Sir Thomas Tyringham Bernard Bt. (1791-1883, fourth son of Sir Scrope). Both his sons predeceased him.
Sophia Elizabeth Charlotte Bernard (d. 1919, elder daughter) & Joseph Napier Higgins Q.C.
Lieut-Col. Francis (Frank) Tyringham Higgins Bernard (d. 1935, only child) & Evelyn (nee Wykeham). No children
Colonel Bernard left the house and estate to John Gray Churchill Spencer (great-great-grandson of Sir Scrope Bernard Bt. ) being his closest male relation and in his Will requested that JGCS assume the additional surname of Bernard.
John Gray Churchill Spencer Bernard (d. 1977) & Elsie Phyllis (nee Corley). They married on 31st August 1933 and had four children:
Julia Diana b. 20-4-1936 d. 1-7-2001 m. Simon Hopton (children Richard, Edward, Isobel & Michael, d. 1977)
Clare Rosemary b. 1-11-1938 m. Arthur Hohler (children Harriet, Camilla, Amanda & Rupert)
Charles Francis Churchill b. 23-1-1942 d. 2-2-2016 m. Rosalyn Plunkett (children Jane, Sarah & Elizabeth)

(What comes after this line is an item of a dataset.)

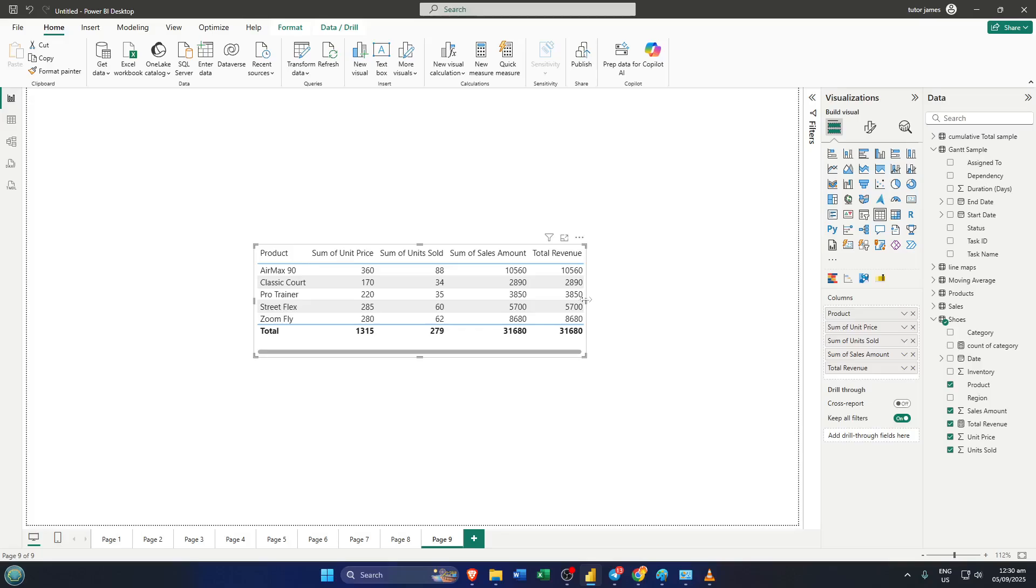You should notice a short vertical line appear, almost like a handle you'd see if you were resizing a window. Click and hold right there. You might need to try a couple times if it's your first time doing this, just to catch the right spot, but don't worry, that's normal.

Robert Vere Spencer Bernard (younger son) b. 1-12-1944 - Present owner
John Spencer Bernard had prepared to pass the house and estate to his elder son Charles on whose 21st birthday in 1963, he gifted the greater part of the estate and village houses. Charles left England to live in France where he and his wife lived with their three children. However he said he did not wish to return to England to live at Nether Winchendon House. Consequently on the death of John Spencer Bernard the house and what remained of the land was left to Robert, the younger son, even though Charles the elder son already owned the greater part of the property, the Winchendon Endowment of village houses and estate land, which had been given to him to safeguard and provide for the upkeep of the house. The house was thus deprived of its endowment.
The property was originally bought by William Goodwin of London from the Russell family in 1559 as a marriage settlement for his daughter and her husband Thomas, the younger son of the Tyringhams of Tyringham in North Buckinghamshire. Since that time the house and estate had passed intact from generation to generation by family inheritance to ensure its survival, which included every house in Nether Winchendon. (Four new non-estate houses at the top of Barrack Hill were built after the Second World War.) Nether Winchendon House, the village and estate had remained intact for over 400 years but now no longer.